Exercise data:
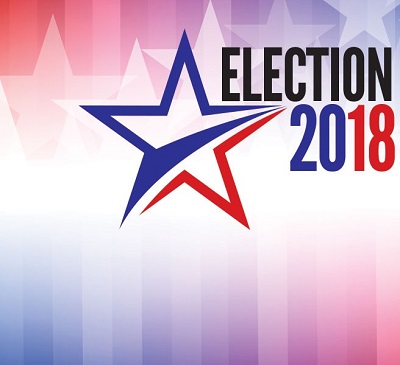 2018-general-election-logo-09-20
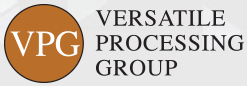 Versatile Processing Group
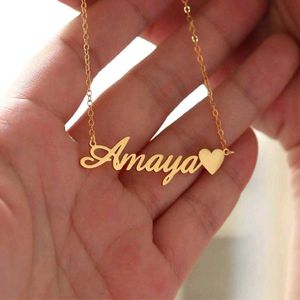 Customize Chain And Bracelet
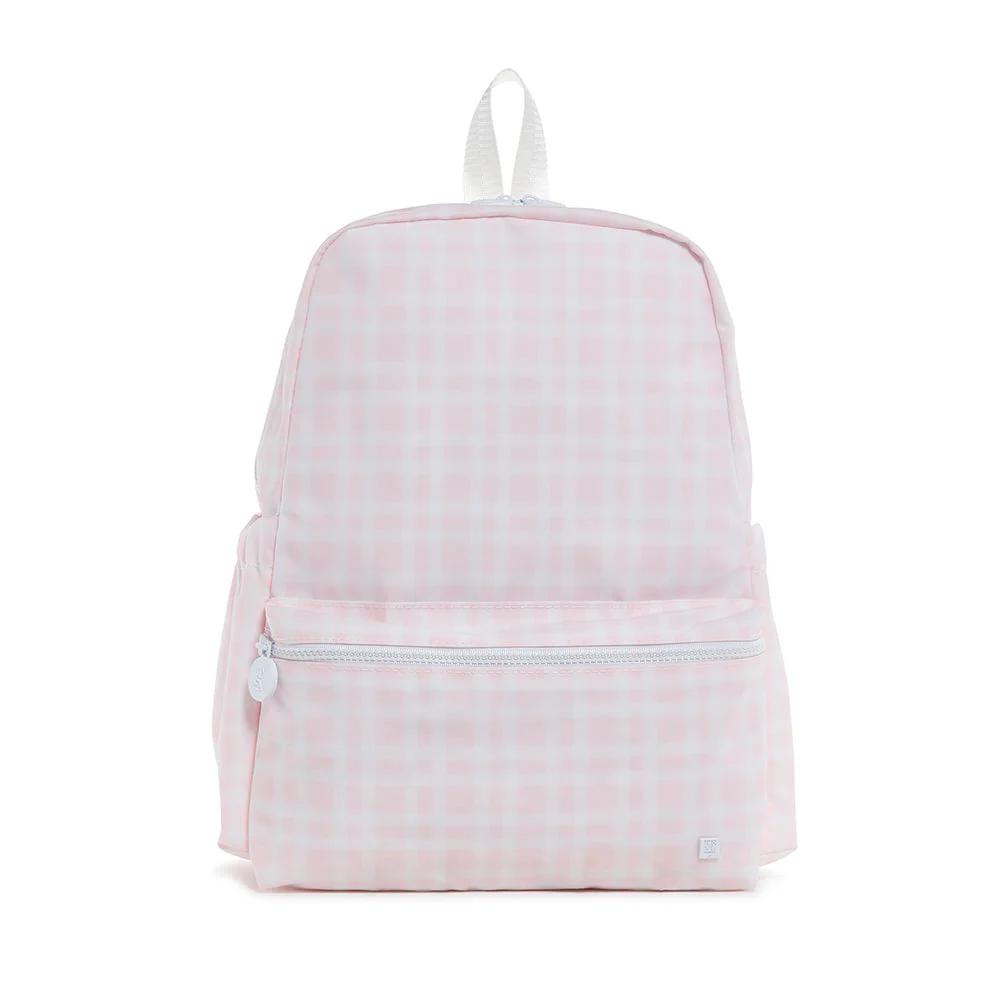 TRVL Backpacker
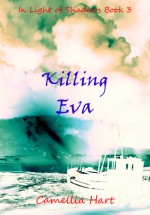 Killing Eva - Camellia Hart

Exercise requirements:
Omit the pictures and copy the records above exactly.

Your response:
 2018-general-election-logo-09-20
 Versatile Processing Group
 Customize Chain And Bracelet
 TRVL Backpacker
 Killing Eva - Camellia Hart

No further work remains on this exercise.